The bad news is that the best deals for this summer have long gone, although there are still bargains to be had from mid-autumn onwards. The good news is that now is a great time to book for next summer. If you’re worried about paying out so far in advance in case the company goes bust, Angus Kinloch, the managing director of Ski Line, a specialist travel agent, suggests snooping on Companies House. “This site allows users to view the latest company accounts to see if it is profitable and likely to still be in business when you take your holiday. A business showing negative shareholders’ funds or accumulated losses isn’t likely to be trading for very long.”

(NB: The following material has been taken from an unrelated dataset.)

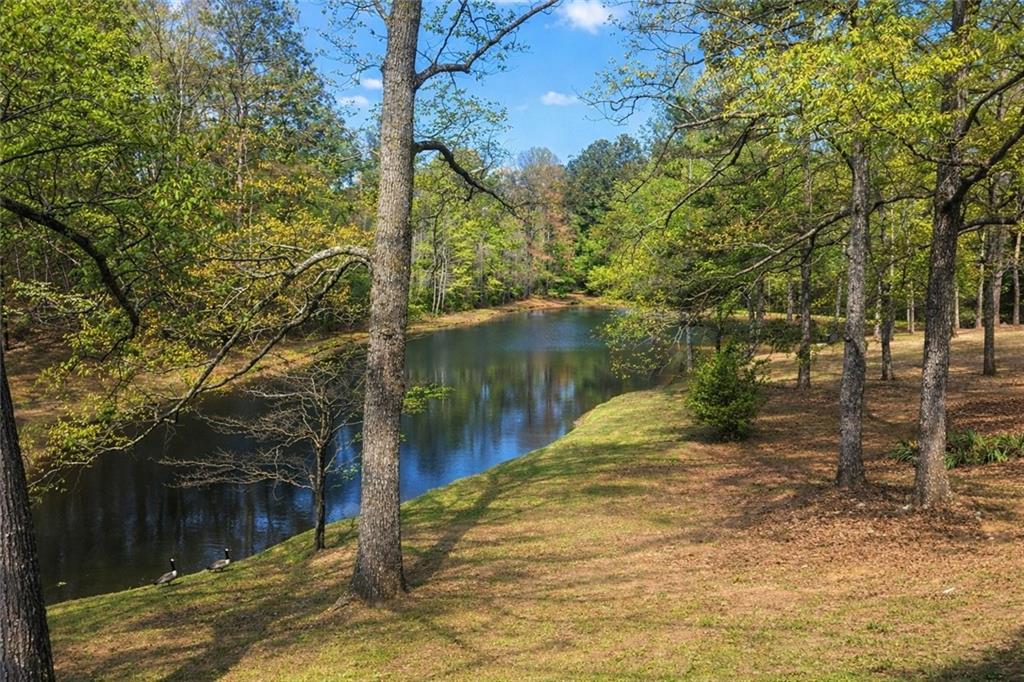 112 Brannon Road Buchanan, GA 30113 - Photo 39 of 39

Don’t bank on a last-minute bargain

Dan Fox, the managing director of the tour operator Ski Weekends, says: “Late deals do still exist with the major package operators because they have already paid for the flight and accommodation and need to sell it.” However, he adds: “The overcapacity that used to exist has all but disappeared, so these deals are few and far between; don’t bank on finding one.” Maximise your chances by signing up for email alerts on last-minute offers from operators, hotels and spas, or gamble on an impromptu UK minibreak – boutique hotels often discount massively on the day if they aren’t fully booked.

Beware huge discounts

Having said that, early-bird or last-minute offers are one thing, but unrealistically big discounts or very time-sensitive deals (“Act now!”) may well be a scam. Even if the company is genuine, Mark Nathan, the owner of Chalets1066 in Les Gets, France, says: “It is easy to be attracted by offers such as 50% off, but this often means that the list price is inflated enormously. You have to ask the question: do you trust a company that inflates the list price and tries to make huge profits, and only discounts when a week is not selling?”

Follow payment guidelines

Kinloch says: “Scammers play on people’s greed, asking clients to pay for their holiday away from the website where the listing is so they can avoid paying commission. Always follow the payment guidelines when booking on sites such as Airbnb.” Legitimate websites with secure payment systems have an SSL certificate, indicated by “https” rather than “http” in the url, and a padlock symbol. They will also have a privacy policy explaining how they store your data. Never give out personal or financial information over the phone, and avoid paying by bank transfer. “Using a credit card will offer you extra protection under section 75 of the Consumer Credit Act,” says Boland. PayPal’s Buyer Protection programme is another good option.

Buy travel insurance

If travelling in Europe, apply for a global health insurance card (Ghic), which entitles you to limited emergency healthcare. But you still need travel insurance – annual multi-trip cover is often the best value if you are going away more than once a year. “Always take out travel insurance at the same time you book your holiday. This ensures you are protected if you can’t travel, which is especially useful if you or one of your party becomes unwell, says Boland. “Read your policy document carefully so you understand what is covered. For example, last year we found that four in 10 policies won’t cover you in the event of strikes by airline or airport staff.”

Price isn’t everything

For many, the cheapest option is the only option. But if you can afford it, consider paying a little more to support independent businesses with sound environmental policies. You may even be able to help someone else have a holiday – some retreat venues and festivals operate on a “pay what you can” basis, with better-off customers subsidising others. The Greenbelt festival in Northamptonshire, for example, is £190 for a standard ticket or £230 for a supporter ticket; the latter helps cover the cost of free and discounted places for people on benefits or in financial difficulties.

And finally …

“If it sounds too good to be true, it most definitely is,” says Pauline Smith, the head of Action Fraud, and pretty much every other travel expert. You have been warned.